Top of INFORMATION SUPPLIED

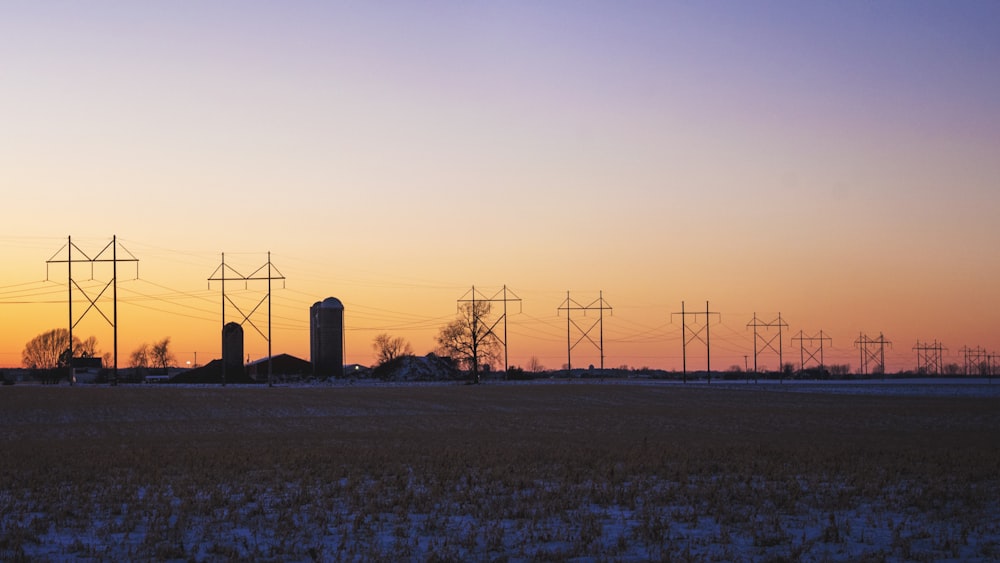 a field with power lines in the distance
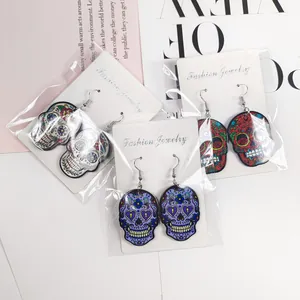 Gros plan de boucles d'oreilles crâne en acrylique coloré avec motifs floraux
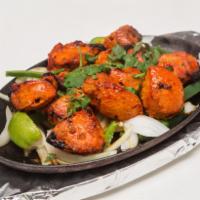 Tandoori Chicken Tikka · Earthen oven grilled chicken with creamy coating. Served with basmati rice.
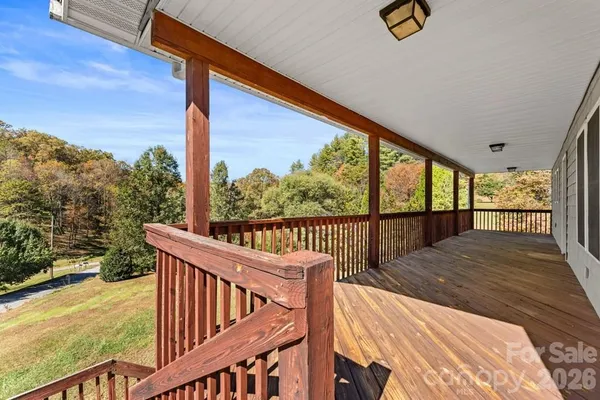 a view of balcony with wooden floor and fence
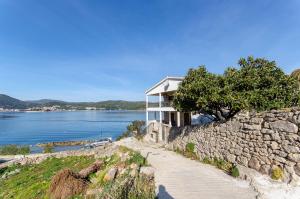 a house on a hill next to a stone wall at Apartment Nives in Vis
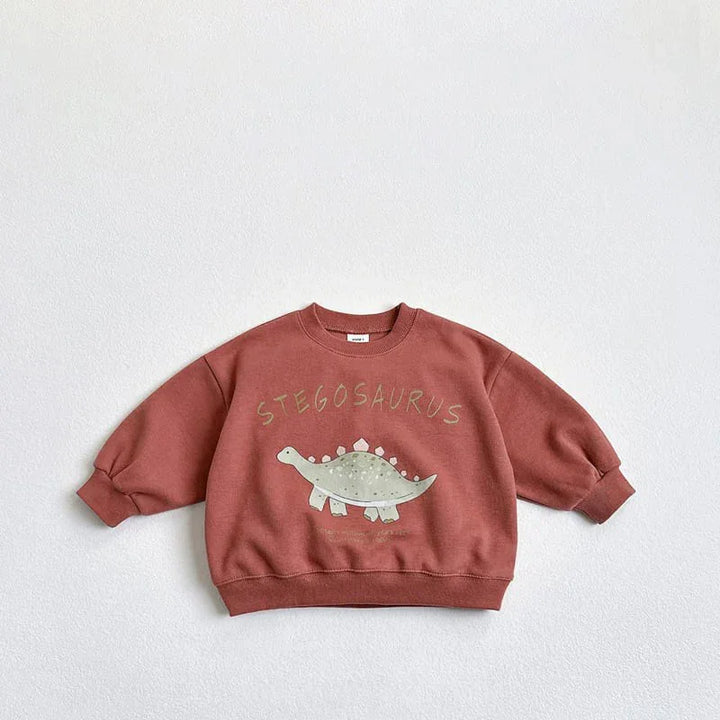 Rust-colored kids sweatshirt with a green Stegosaurus dinosaur graphic and text on front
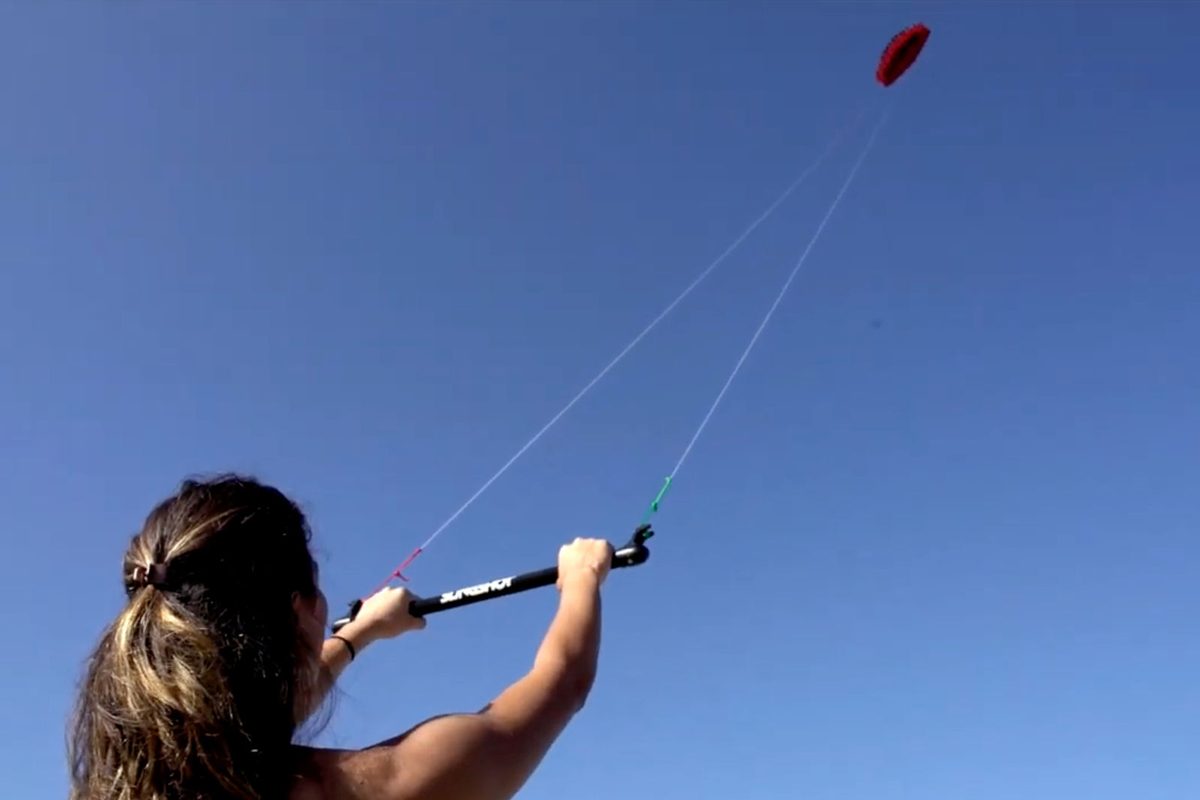 Student flying a trainer kite on the beach during an EK Experience discovery session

Bottom of INFORMATION SUPPLIED

> [REQUIREMENT]: Everything from the line containing "a view of balcony" through the last line of the entries must be repeated verbatim, except pictures.

> [TASK OUTPUT]:
 a view of balcony with wooden floor and fence
 a house on a hill next to a stone wall at Apartment Nives in Vis
 Rust-colored kids sweatshirt with a green Stegosaurus dinosaur graphic and text on front
 Student flying a trainer kite on the beach during an EK Experience discovery session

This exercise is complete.